By Myrna M. Velasco
The Department of Energy (DOE) will formally consign to the Office of the Solicitor General (OSG) the next legal step that the government will pursue to enforce the P146.8-billion “partial award” on the tax case that was won by the Malampaya consortium from recent international arbitration proceedings.
Energy Secretary Alfonso G. Cusi
“I will leave that up to our Solicitor General. Those are legal matters, so I will leave it to them,” Energy Secretary Alfonso G. Cusi told reporters, referring to Solicitor General Jose Calida.
The Malampaya consortium (comprising of Shell Philippines Exploration B.V., Chevron Malampaya LLC and state-run Philippine National Oil Company-Exploration Corporation) already filed a petition for the enforcement of the International Chamber of Commerce (ICC) ruling before the Supreme Court, hence, the next legal move awaited is that of the government.
The energy department acknowledged that it has been duly informed of the legal step taken by the Malampaya consortium at the high court, but it will need to defer subsequent legal moves to the other relevant agencies, the OSG in particular.
Often, the enforcement of ICC rulings warrant the filing of a petition before a local court – including at the level of the regional trial court, so a decision can be secured and affirmed for any final award that shall be carried out.
But in the case of the Malampaya suit, the SPEX-led consortium opted to file its petition before the Supreme Court because it already has a pending case on the same matter.

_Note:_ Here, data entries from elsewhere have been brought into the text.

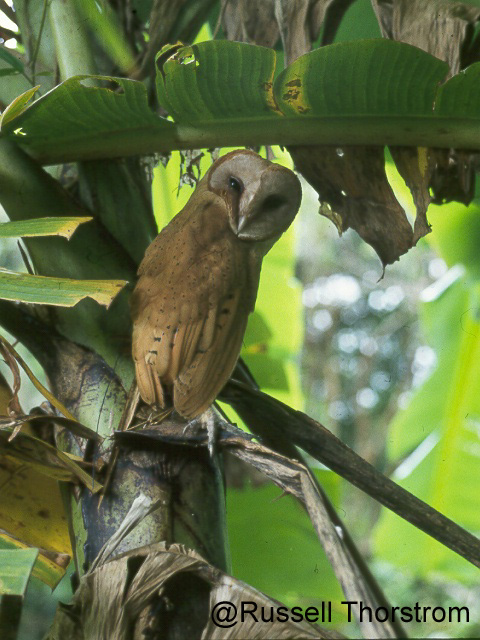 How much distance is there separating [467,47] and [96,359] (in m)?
0.46

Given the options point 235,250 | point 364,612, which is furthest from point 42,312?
point 364,612

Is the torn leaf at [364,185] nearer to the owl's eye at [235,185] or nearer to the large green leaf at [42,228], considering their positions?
the owl's eye at [235,185]

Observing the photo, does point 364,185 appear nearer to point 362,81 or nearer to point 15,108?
point 362,81

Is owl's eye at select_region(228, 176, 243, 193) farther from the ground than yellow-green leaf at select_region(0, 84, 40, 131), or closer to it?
closer to it

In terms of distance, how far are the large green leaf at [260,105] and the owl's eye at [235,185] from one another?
8 cm

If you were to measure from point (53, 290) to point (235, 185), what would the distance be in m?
0.18

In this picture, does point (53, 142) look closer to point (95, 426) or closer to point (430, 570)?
point (95, 426)

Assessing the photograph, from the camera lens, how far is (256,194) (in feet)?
1.79

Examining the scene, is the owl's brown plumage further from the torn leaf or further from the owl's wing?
the torn leaf

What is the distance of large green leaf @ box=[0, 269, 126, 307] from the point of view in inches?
18.7

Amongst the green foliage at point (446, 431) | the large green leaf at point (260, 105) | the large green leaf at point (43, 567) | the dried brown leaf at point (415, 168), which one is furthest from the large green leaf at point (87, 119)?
the green foliage at point (446, 431)

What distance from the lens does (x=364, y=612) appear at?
0.34 meters

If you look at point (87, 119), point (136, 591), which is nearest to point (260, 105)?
point (87, 119)

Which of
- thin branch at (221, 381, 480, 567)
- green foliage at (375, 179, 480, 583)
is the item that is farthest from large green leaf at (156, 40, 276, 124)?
green foliage at (375, 179, 480, 583) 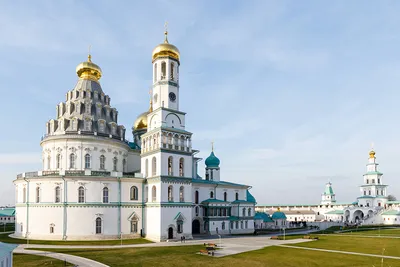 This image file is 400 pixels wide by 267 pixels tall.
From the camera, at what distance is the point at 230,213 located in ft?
191

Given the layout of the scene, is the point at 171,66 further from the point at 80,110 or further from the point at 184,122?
the point at 80,110

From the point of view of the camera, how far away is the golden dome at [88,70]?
5700 centimetres

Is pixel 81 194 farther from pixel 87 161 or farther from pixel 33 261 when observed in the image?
pixel 33 261

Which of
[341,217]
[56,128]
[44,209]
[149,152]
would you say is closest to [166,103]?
[149,152]

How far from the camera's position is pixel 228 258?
3008cm

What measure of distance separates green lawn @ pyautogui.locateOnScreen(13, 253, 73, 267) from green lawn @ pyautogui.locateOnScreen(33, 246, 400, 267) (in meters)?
3.18

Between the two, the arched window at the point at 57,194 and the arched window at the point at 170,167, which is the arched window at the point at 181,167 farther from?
the arched window at the point at 57,194

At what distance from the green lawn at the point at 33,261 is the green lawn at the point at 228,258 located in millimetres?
3185

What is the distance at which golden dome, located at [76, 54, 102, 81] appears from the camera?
57000mm

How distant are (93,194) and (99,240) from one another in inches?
235

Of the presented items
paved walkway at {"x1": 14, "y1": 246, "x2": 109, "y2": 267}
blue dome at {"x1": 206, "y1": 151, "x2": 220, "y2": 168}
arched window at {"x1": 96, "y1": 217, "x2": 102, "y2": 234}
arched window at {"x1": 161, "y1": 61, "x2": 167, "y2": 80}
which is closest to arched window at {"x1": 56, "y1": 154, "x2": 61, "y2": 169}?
arched window at {"x1": 96, "y1": 217, "x2": 102, "y2": 234}

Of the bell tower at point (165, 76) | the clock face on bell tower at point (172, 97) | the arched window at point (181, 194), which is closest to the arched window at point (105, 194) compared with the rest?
the arched window at point (181, 194)

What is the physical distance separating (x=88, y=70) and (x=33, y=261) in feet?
118

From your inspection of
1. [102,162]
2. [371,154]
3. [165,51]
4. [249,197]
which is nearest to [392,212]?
[371,154] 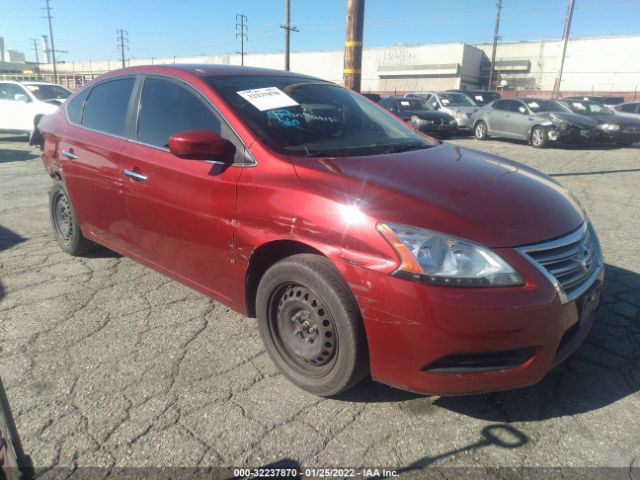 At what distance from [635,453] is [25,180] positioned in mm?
8761

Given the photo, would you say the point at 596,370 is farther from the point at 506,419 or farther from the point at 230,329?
the point at 230,329

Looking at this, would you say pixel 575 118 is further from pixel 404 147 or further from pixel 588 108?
pixel 404 147

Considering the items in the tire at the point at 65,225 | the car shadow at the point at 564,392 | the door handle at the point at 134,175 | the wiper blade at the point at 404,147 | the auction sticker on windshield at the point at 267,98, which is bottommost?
the car shadow at the point at 564,392

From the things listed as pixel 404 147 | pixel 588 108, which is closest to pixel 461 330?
pixel 404 147

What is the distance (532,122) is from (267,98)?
42.4ft

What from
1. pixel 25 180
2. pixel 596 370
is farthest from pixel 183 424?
pixel 25 180

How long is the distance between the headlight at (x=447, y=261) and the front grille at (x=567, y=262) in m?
0.17

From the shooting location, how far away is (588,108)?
1512 cm

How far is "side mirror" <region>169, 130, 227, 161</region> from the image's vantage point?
254cm

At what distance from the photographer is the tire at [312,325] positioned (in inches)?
86.5

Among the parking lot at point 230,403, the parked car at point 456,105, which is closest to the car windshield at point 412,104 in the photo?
the parked car at point 456,105

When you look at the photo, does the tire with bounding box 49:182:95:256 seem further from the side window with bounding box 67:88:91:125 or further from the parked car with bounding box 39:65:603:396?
the parked car with bounding box 39:65:603:396

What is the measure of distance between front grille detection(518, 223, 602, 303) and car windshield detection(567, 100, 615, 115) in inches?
572

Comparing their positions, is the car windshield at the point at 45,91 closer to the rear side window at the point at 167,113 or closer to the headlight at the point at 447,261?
the rear side window at the point at 167,113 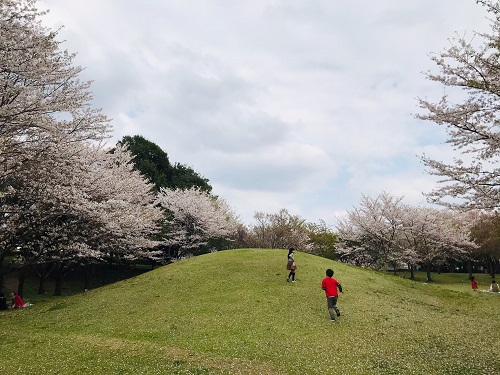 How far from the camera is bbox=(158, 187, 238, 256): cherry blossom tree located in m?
57.4

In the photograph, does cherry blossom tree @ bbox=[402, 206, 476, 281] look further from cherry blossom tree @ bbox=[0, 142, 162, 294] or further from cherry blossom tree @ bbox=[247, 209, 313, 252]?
cherry blossom tree @ bbox=[0, 142, 162, 294]

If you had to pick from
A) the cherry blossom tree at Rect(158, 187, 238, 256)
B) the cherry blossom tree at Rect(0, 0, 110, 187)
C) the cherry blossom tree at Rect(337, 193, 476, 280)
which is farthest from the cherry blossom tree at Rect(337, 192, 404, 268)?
the cherry blossom tree at Rect(0, 0, 110, 187)

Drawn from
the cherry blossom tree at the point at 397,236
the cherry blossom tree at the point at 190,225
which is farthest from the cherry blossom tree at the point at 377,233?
the cherry blossom tree at the point at 190,225

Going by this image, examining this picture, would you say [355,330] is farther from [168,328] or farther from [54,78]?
[54,78]

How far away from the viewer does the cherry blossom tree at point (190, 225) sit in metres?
57.4

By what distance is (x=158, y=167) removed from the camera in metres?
74.2

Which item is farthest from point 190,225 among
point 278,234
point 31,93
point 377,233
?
point 31,93

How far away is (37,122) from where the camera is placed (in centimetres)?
1595

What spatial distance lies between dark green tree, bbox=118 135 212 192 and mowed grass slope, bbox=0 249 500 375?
1483 inches

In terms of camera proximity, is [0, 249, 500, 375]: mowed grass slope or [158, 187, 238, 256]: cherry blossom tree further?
[158, 187, 238, 256]: cherry blossom tree

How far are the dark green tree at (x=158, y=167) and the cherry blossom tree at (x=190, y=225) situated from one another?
10.4m

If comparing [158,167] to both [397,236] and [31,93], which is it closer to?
[397,236]

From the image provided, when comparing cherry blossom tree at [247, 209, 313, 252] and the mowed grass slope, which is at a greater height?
cherry blossom tree at [247, 209, 313, 252]

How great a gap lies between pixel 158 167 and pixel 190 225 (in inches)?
791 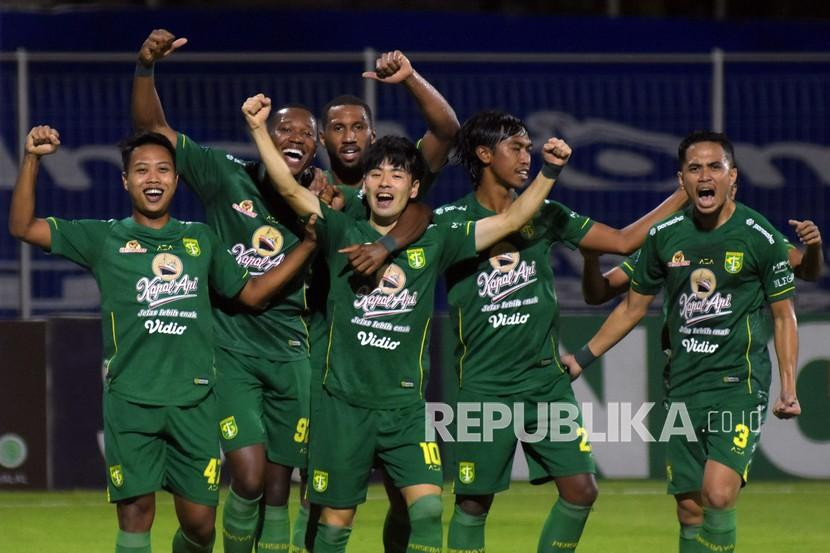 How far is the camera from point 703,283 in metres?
7.07

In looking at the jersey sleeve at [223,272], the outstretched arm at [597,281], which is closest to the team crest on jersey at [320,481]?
the jersey sleeve at [223,272]

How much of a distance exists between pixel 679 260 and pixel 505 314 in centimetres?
82

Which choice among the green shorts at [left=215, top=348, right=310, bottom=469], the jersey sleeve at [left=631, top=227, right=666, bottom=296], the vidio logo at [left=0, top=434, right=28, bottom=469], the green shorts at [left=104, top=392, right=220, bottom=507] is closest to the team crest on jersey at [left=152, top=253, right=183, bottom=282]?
the green shorts at [left=104, top=392, right=220, bottom=507]

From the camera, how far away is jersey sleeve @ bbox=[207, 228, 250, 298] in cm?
688

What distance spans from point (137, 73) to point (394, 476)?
2201 millimetres

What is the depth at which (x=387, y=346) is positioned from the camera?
22.0 ft

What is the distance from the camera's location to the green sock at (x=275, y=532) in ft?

Cusi acknowledged that the impending Malampaya partial award has been re-igniting a lot of interest in the country’s upstream oil and gas sector, so the department also wants this concern sorted at the soonest possible time.
The ICC award had been based on the notices of charge served by the Commission on Audit (COA) to the Malampaya consortium due to the former’s “differing interpretation” on how tax payments of the contractor shall be settled.
The State auditor questioned the integration of the income tax payment of the contractor in the 60 percent royalty share of the Philippine government, but the Malampaya consortium invoked “sanctity of contract” and argued that the tax payment arrangement had been prescribed in their Service Contract (SC) 38 and had been based on the provision of Presidential Decree 87 or the Philippine Oil and Gas Law.
The Malampaya tax case had been among the distressing concern that caused the “anemic appetite” of investors in recent Philippine petroleum bidding rounds, but with this dilemma getting resolved, there is high expectation that investment dollar flows in the sector could finally be invigorated.